This is Executive Dysfunction, a newsletter that highlights one under-the-radar story about how Trump is changing the law—or how the law is pushing back—and keeps you posted on the latest from Slate’s Jurisprudence team. Click here to receive it in your inbox each week.

President Donald Trump has been taking what feels like an Oprah Winfrey–style approach with his pardon power: All you Jan. 6 rioters, you get a pardon! And all you folks who helped subvert the 2020 election for me, you get a pardon! And what the hell, that crypto billionaire charged with a felony, you also get a pardon! All in all, Trump has issued about 1,600 pardons since the start of his second term. Last week, the Wall Street Journal reported that Trump has even told his staff he will issue preemptive pardons for them in 2028 before he’s slated to exit the White House.
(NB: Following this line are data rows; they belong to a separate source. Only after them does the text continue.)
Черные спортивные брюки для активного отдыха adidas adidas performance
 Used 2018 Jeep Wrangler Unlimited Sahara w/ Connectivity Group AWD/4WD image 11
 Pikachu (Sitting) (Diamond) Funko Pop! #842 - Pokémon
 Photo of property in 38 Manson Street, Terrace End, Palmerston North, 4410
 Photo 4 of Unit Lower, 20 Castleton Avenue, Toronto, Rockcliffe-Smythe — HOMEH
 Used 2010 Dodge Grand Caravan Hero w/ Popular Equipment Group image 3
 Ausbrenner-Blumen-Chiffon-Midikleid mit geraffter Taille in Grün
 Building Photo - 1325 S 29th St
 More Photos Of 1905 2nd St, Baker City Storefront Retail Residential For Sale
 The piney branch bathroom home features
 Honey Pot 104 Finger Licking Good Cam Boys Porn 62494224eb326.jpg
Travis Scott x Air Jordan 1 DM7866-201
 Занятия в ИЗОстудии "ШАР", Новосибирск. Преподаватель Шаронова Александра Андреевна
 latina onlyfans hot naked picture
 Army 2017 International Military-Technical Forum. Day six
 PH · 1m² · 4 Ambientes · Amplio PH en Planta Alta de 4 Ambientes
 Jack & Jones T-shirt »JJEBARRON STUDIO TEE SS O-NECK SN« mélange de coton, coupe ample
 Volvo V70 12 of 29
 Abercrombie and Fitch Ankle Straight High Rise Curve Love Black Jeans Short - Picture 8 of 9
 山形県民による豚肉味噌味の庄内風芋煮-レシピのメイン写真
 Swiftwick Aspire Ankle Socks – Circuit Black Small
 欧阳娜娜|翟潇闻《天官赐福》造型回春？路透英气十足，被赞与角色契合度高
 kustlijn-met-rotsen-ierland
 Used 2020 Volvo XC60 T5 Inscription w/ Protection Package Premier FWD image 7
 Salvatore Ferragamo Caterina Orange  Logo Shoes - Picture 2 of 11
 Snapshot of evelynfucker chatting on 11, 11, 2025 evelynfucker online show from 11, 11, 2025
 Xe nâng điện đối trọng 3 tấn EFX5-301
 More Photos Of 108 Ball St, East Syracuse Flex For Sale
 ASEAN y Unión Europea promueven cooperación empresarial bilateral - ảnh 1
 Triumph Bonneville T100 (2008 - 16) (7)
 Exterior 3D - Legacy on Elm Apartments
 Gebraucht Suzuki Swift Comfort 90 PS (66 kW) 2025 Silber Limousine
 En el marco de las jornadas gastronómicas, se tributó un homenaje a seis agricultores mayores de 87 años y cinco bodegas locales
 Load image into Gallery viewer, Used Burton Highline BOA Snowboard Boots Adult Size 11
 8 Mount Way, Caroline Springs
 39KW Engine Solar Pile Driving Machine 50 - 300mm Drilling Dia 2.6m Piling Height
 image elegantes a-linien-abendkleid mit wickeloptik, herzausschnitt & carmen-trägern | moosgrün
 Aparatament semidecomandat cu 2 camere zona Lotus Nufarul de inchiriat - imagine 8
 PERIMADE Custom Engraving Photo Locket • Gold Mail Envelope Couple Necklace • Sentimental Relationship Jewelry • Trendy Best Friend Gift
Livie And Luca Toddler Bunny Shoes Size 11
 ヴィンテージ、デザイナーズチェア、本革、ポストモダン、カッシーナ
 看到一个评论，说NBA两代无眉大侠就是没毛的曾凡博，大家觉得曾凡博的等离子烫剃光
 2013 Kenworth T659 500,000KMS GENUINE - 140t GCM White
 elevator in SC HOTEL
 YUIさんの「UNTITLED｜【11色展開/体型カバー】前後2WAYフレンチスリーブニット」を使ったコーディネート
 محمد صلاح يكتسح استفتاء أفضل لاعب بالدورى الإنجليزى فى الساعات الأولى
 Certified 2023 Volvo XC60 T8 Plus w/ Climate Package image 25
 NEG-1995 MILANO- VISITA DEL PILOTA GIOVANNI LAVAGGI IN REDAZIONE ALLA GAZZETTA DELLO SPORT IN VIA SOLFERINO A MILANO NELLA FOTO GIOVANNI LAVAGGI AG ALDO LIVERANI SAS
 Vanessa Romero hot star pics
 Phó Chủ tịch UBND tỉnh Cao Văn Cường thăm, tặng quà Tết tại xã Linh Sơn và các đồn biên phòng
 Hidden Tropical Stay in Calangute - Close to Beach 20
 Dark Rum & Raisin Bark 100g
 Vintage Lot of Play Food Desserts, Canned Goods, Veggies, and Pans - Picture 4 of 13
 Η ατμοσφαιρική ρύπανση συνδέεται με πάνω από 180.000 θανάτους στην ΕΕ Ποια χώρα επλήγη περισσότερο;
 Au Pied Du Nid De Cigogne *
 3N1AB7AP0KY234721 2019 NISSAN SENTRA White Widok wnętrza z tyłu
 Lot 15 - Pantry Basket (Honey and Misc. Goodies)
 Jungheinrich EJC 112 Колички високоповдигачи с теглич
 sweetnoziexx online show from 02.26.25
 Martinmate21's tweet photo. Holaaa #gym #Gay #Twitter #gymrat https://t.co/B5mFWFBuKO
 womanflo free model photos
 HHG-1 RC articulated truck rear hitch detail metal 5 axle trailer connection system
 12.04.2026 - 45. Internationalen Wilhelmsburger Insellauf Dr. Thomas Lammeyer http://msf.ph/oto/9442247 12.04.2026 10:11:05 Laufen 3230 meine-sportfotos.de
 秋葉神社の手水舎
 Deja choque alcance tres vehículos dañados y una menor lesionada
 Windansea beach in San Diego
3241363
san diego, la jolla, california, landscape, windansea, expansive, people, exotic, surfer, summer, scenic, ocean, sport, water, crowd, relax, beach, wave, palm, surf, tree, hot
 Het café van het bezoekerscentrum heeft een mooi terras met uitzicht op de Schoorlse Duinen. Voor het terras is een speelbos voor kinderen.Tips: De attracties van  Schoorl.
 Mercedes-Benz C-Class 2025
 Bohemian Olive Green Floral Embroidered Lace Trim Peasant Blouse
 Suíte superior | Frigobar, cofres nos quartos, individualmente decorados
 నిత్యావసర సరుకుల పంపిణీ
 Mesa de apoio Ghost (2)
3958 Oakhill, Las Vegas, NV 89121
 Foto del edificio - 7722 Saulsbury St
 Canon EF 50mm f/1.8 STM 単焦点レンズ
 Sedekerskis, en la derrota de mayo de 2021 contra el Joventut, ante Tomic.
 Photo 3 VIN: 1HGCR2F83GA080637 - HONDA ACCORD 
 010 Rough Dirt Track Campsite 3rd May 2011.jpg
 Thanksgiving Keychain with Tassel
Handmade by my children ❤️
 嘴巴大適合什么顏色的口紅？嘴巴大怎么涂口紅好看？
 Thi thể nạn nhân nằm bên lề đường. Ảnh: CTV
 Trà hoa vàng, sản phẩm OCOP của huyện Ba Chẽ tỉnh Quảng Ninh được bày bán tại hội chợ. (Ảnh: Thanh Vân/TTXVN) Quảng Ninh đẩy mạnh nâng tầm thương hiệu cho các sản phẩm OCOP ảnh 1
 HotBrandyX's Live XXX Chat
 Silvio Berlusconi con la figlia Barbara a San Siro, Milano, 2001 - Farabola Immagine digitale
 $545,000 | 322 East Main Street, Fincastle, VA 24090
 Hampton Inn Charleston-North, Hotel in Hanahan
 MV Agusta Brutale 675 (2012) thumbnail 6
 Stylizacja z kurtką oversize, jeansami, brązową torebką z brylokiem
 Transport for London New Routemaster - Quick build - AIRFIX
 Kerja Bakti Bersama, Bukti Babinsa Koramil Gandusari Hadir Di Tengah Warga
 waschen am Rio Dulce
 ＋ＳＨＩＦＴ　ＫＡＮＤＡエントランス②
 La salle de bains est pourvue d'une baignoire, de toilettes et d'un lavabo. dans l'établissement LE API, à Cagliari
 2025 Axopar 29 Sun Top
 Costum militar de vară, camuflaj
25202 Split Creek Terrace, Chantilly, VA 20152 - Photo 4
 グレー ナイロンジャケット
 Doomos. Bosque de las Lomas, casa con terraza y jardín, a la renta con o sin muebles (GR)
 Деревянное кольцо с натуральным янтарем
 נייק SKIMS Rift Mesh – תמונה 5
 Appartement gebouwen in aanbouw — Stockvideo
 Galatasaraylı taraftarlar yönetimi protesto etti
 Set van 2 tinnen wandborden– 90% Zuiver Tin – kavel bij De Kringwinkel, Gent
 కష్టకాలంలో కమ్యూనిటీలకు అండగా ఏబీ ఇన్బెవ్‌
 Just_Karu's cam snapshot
No former U.S. president has exercised his pardon power quite like Trump has. In fact, he’s even outdone his full first-term numbers, when Trump issued fewer than 250 pardons and commutations. The Wall Street Journal estimated that to date Trump has issued six times that number over the first 15 months of his second term. And he apparently has no intention of slowing down, with administration officials telling WSJ the president has repeatedly “raised the specter of pardons with White House aides and other administration officials, particularly when staff have suggested they could face prosecution or congressional investigations over decisions.” It’s become a running joke within the White House, as Trump has promised he will pardon anyone who came within 200 feet of the Oval Office.

Trump is wielding the pardon power with full impunity, aided by Supreme Court rulings that have affirmed the presidential pardon authority as “unlimited,” and left little to no room for congressional oversight. The only exceptions are in cases of impeachment and for state criminal offenses. This has essentially inspired Trump to wield pardons as a tool of political influence, as he pardons people facing serious federal criminal charges and who may have otherwise faced prison time. Now, these folks have a new lease on life, all thanks to the president, who expects unflinching loyalty in return.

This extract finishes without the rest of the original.